What you need to do: Since only the text is wanted, print every entry below exactly and omit the images.
++++++++
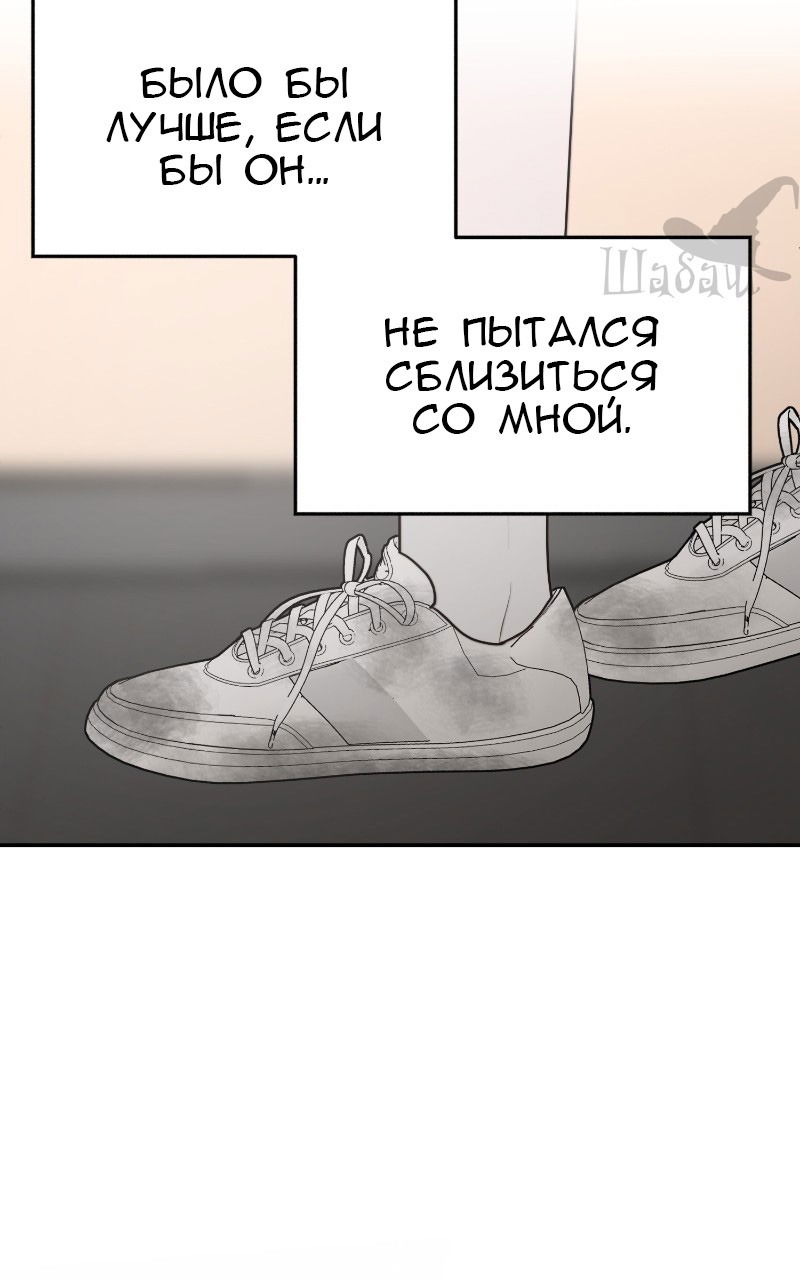 Манга Ты сделал мой день - Глава 2 Страница 169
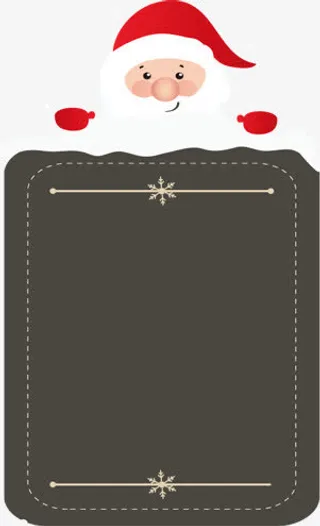 圣诞老人边框免抠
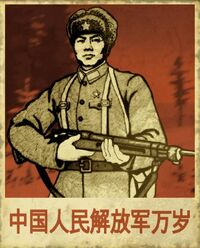 Dlcanchchineseposter01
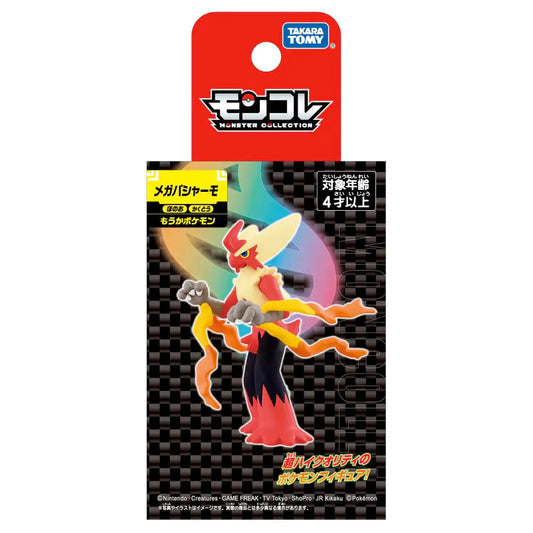 Mega Blaziken Takara Tomy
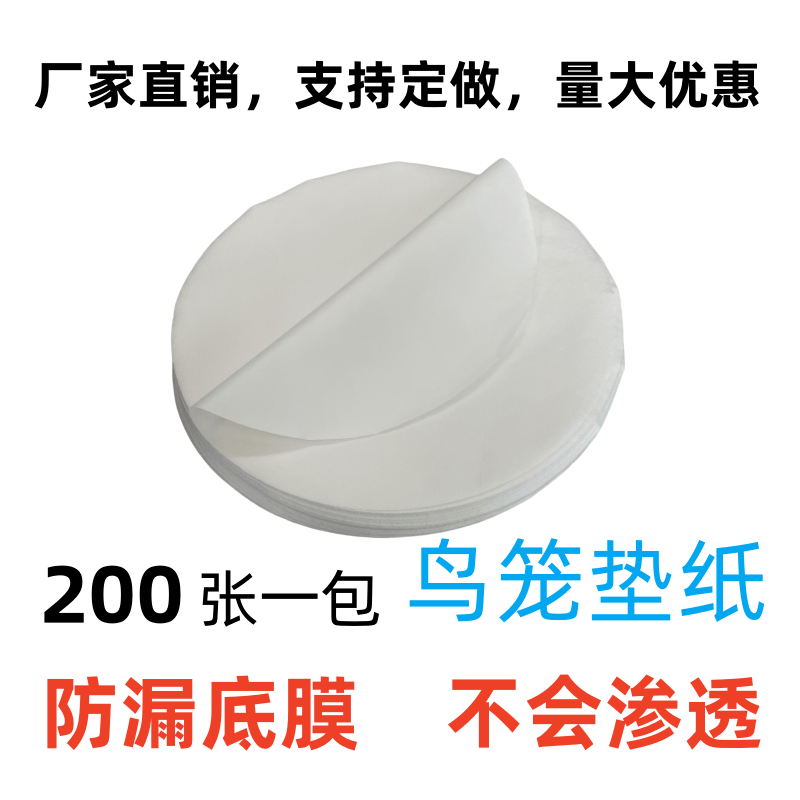 鸟笼垫纸鸟用品不锈钢鸟笼粪垫布一次性鹩哥八哥圆形鸟笼垫纸定做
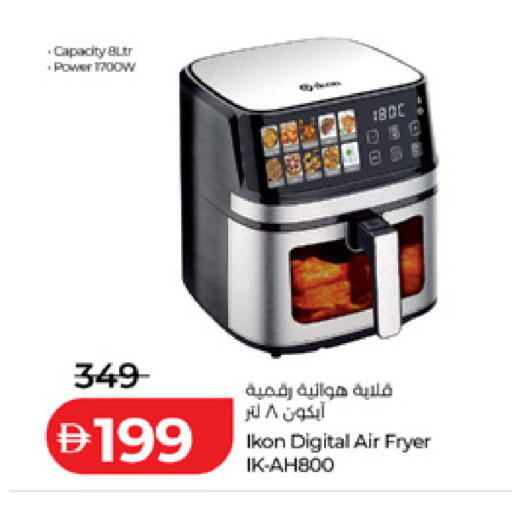 available at لولو هايبرماركت in الإمارات العربية المتحدة , الامارات - ٱلْعَيْن‎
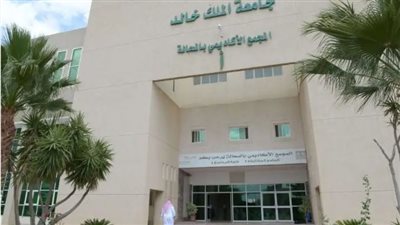 جامعة الملك خالد بـ السعودية تعلن حاجتها إلى أعضاء هيئة التدريس.. التفاصيل كامله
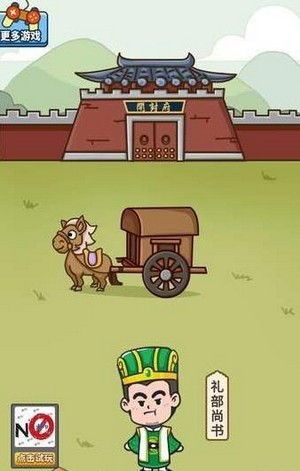 成语拼拼手游
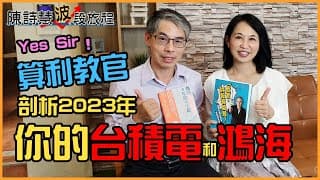 如何捉出財報的鬼，獲利翻10倍 3倍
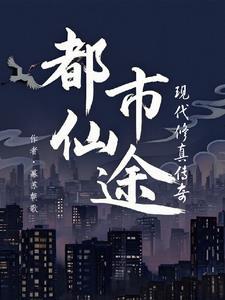 都市修仙免费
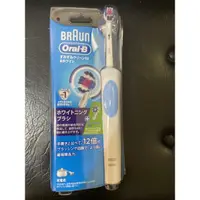 在飛比找蝦皮購物優惠-Oral-B  歐樂B活力美白電動牙刷 D12.023W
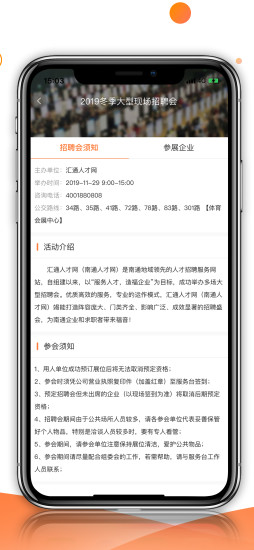 汇通人才app下载安装 汇通人才（南通招聘平台）安卓版下载v6.3.3 运行截图3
++++++++
Exercise response:
 Манга Ты сделал мой день - Глава 2 Страница 169
 圣诞老人边框免抠
 Dlcanchchineseposter01
 Mega Blaziken Takara Tomy
 鸟笼垫纸鸟用品不锈钢鸟笼粪垫布一次性鹩哥八哥圆形鸟笼垫纸定做
 available at لولو هايبرماركت in الإمارات العربية المتحدة , الامارات - ٱلْعَيْن‎
 جامعة الملك خالد بـ السعودية تعلن حاجتها إلى أعضاء هيئة التدريس.. التفاصيل كامله
 成语拼拼手游
 如何捉出財報的鬼，獲利翻10倍 3倍
 都市修仙免费
 在飛比找蝦皮購物優惠-Oral-B  歐樂B活力美白電動牙刷 D12.023W
 汇通人才app下载安装 汇通人才（南通招聘平台）安卓版下载v6.3.3 运行截图3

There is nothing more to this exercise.